The film attempts to mix horror with social commentary — never a bad idea in theory. But Nagesh Thiraiyarangamtackles human trafficking, corporate greed, and the cosmetic industry’s thirst for plasma with all the nuance of a sledgehammer. One minute you’re watching a ghost hunt; the next, it’s a TED Talk about organ theft.

By the time the movie tries to connect Tamilselvi’s activism to Naga’s possession, the audience is too exhausted to care. The message — “Don’t exploit children or you’ll be haunted by Facebook ghosts” — might be noble, but it’s delivered with all the subtlety of a WhatsApp forward.


Cinematography and Editing: A Haunted PowerPoint

Visually, the movie resembles a PowerPoint presentation made by a ghost with shaky hands. Every other scene is shot in dim blue light, as if the cinematographer ran out of bulbs and decided “eerie filter = horror.” The editing is equally haunted — abrupt jump cuts, random slow motion, and flashbacks nested inside flashbacks until time itself loses meaning.

The soundtrack deserves a special mention for its relentless commitment to being loud. Every emotional beat is accompanied by background music that sounds like an orchestra being electrocuted.


The Climax That Refuses to Die

Just when you think it’s over — when Tamilselvi has avenged her death, the villains are dead, and Naga’s sister’s wedding is finally happening — the movie keeps going. It’s like the ghost of unnecessary subplots won’t let it rest. There are final monologues, spiritual lessons, and even a scene where Naga stares pensively at nothing, presumably wondering what happened to his career.
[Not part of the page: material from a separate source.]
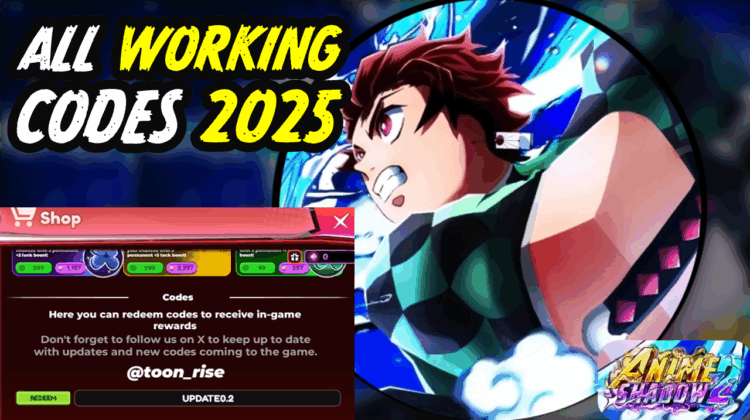 Anime Shadow 2 Codes May 2025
By the time the credits roll, the audience isn’t clapping — they’re performing their own silent prayer of thanks that it’s over.


A Theatre That Should Have Stayed Closed

The real tragedy of Nagesh Thiraiyarangam is that it squanders a genuinely intriguing idea. A haunted movie theatre as a site of revenge? That’s rich potential for a creepy, meta horror story. But instead of exploring that, the film veers off into blood trafficking, family melodrama, and half-baked social activism. It’s like the director kept spinning a wheel labeled “genre” every ten minutes.

It’s not scary, it’s not moving, and it’s not even unintentionally funny enough to be “so bad it’s good.” It’s just… marshy. Stagnant. A cinematic swamp where creativity went to drown.


Final Verdict: The Horror Is Existential

“Nagesh Thiraiyarangam” wants to be a socially conscious ghost story. What it ends up being is a PSA against staying awake too long. The only haunting feeling you’ll have is the regret of losing two hours of your life.

If you absolutely must watch it, do yourself a favor: keep a flashlight and some caffeine handy. You’ll need them both — not for fear, but for survival.

Rating: 1.5 out of 5 haunted catfish.
Because even the ghosts looked bored.